Restate, exactly as written, the entries below from the line that holds "تعمیر بخارشو سامسونگ" through the line that holds "-红花点心局(护国寺店)". Pictures are not part of the copy.
**********
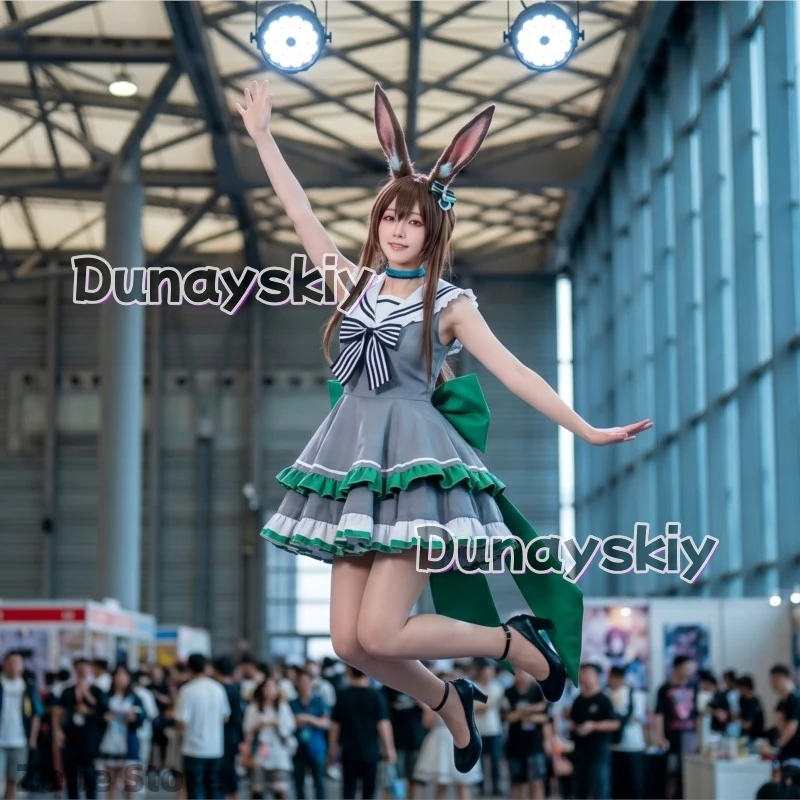 

Arknights Amiya Collaboration Cosplay 코스프레 Anime Game Character Outfit For Women Comic Con Halloween Party Lolita Party Cos
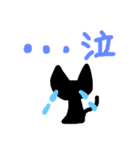 春夏秋冬 毎日使える黒猫ちゃん（個別スタンプ：31）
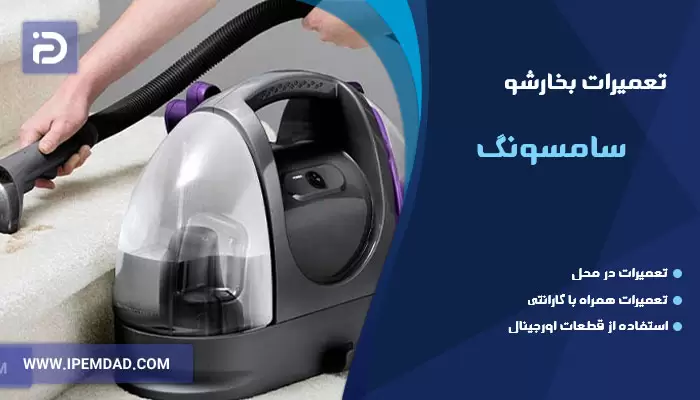 تعمیر بخارشو سامسونگ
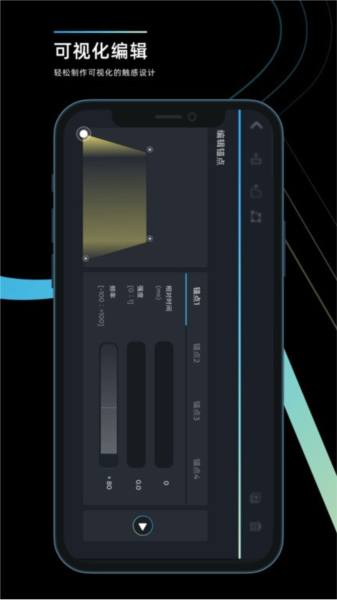 RichTap Creator图片3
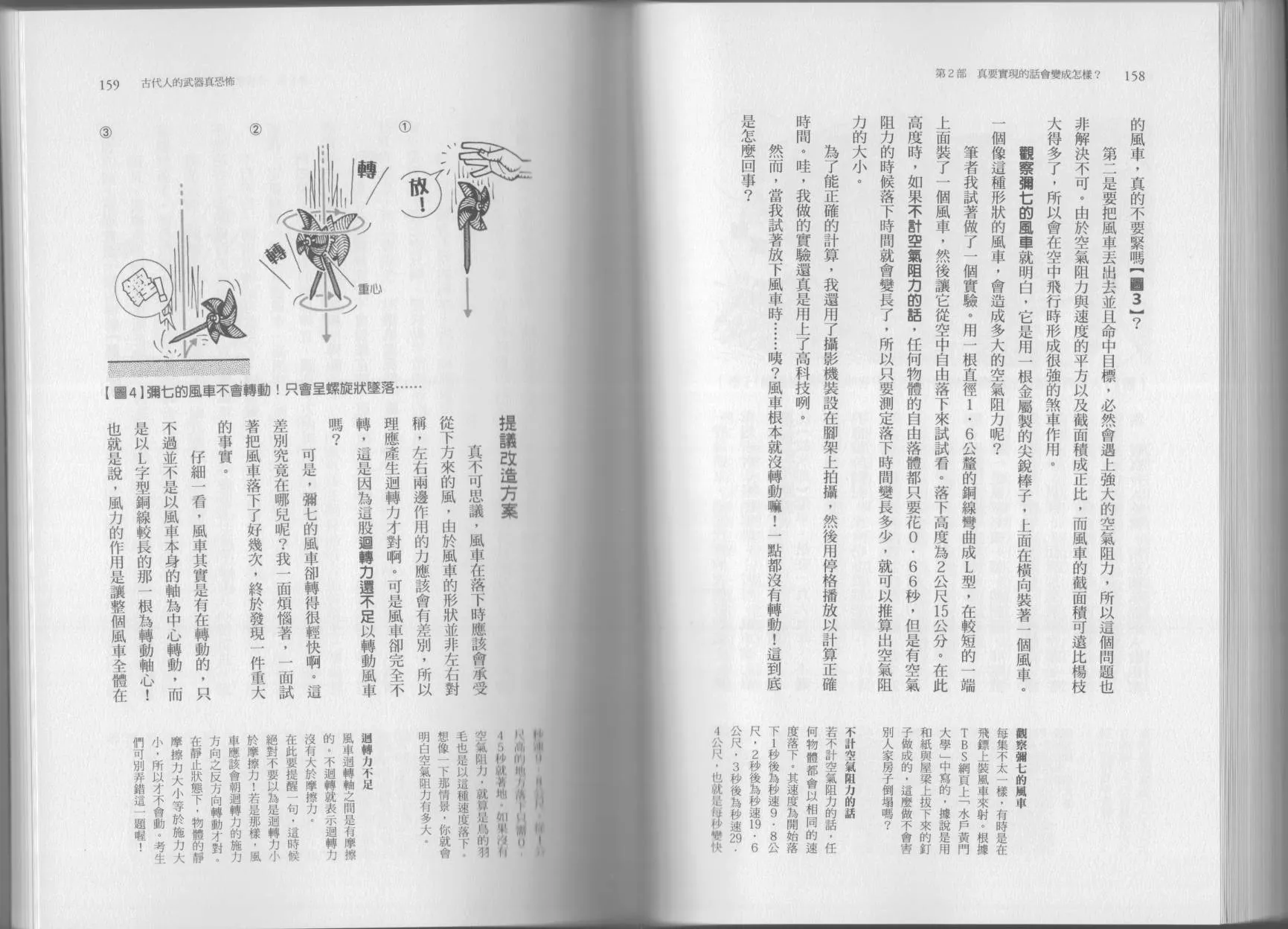 第04卷 第82页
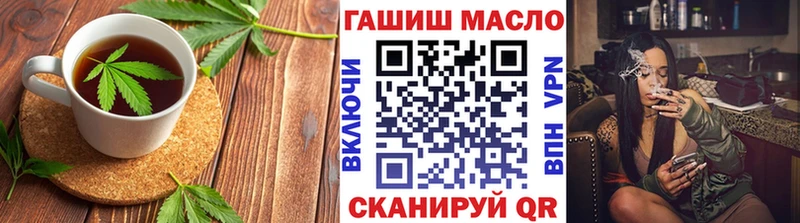 Еда ТГК конопля  shop как зайти  Белокуриха  магазин продажи наркотиков 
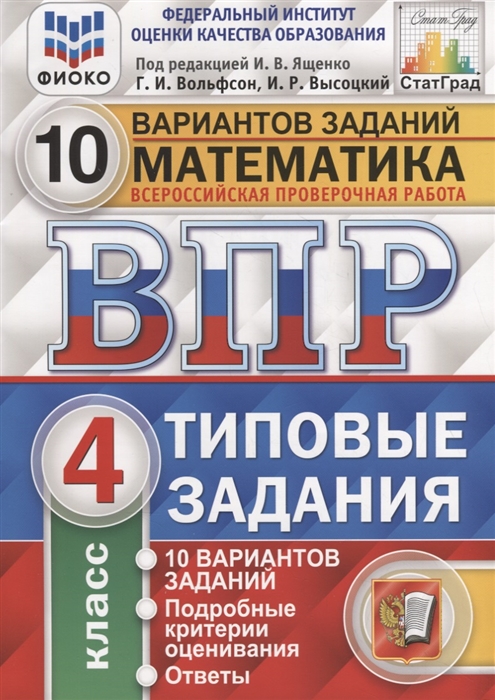 

Математика. Всероссийская проверочная работа. 4 класс. Типовые задания. 10 вариантов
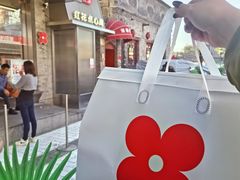 -红花点心局(护国寺店)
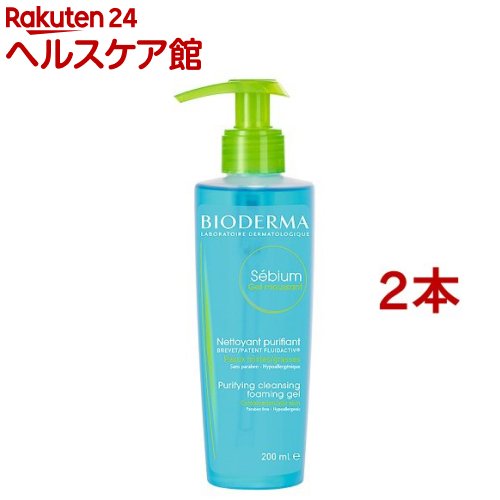 ӥǥ ӥ եߥ󥰥å󥰥 (200g*2ܥå)ڥӥǥ(BIODERMA)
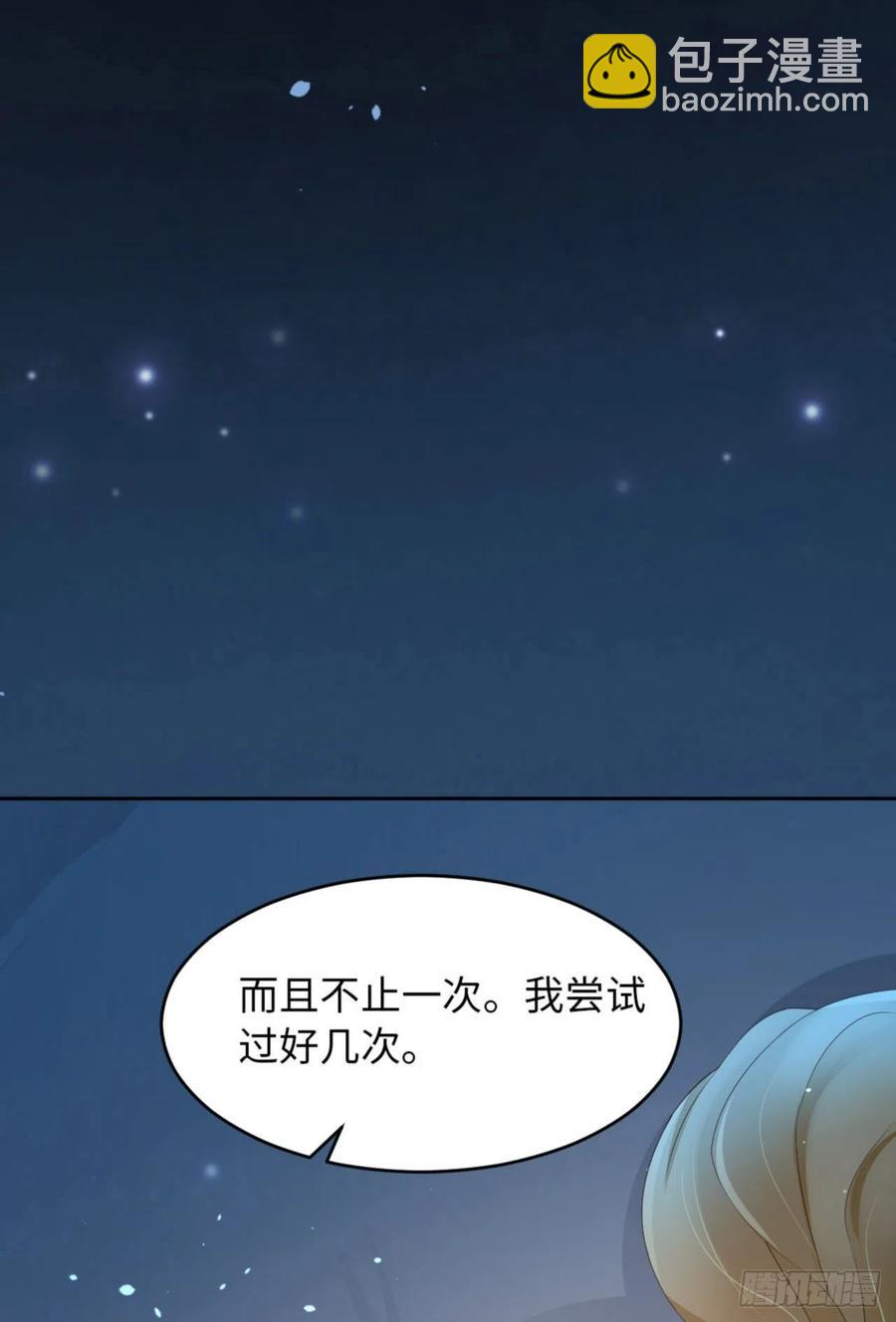 愛有獠牙 - 第46話 命運的安排(2/2) - 1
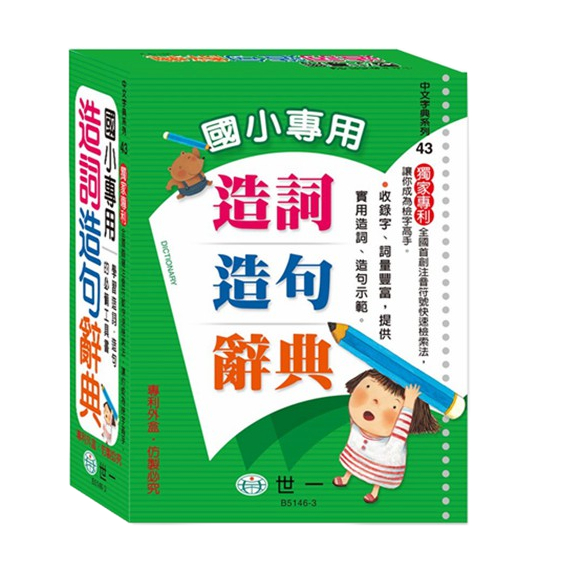 【世一】國小專用造詞造句辭典 (新版) 25K B5146-3 | 蝦皮購物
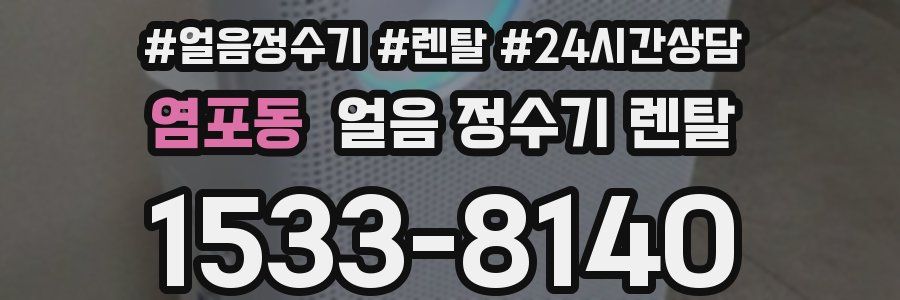 염포동 얼음 정수기 렌탈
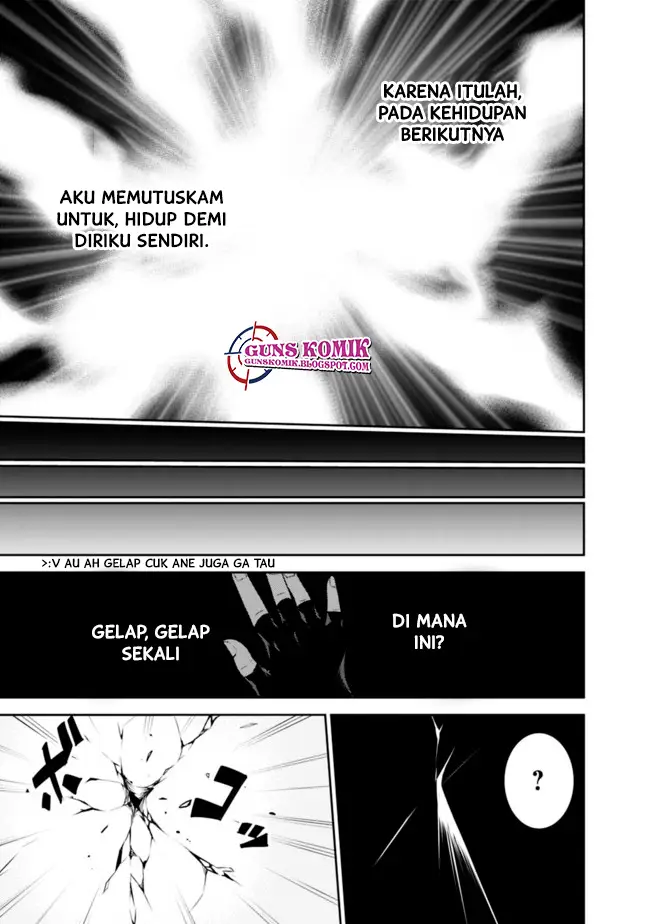 image-komik-shijou-saikyou-no-mahou-kenshi-f-rank-boukensha-ni-tensei-suru-chapter-12-6/16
**********
● **RESULT BELOW**
 تعمیر بخارشو سامسونگ
 RichTap Creator图片3
 第04卷 第82页
 Еда ТГК конопля  shop как зайти  Белокуриха  магазин продажи наркотиков 

Математика. Всероссийская проверочная работа. 4 класс. Типовые задания. 10 вариантов
 -红花点心局(护国寺店)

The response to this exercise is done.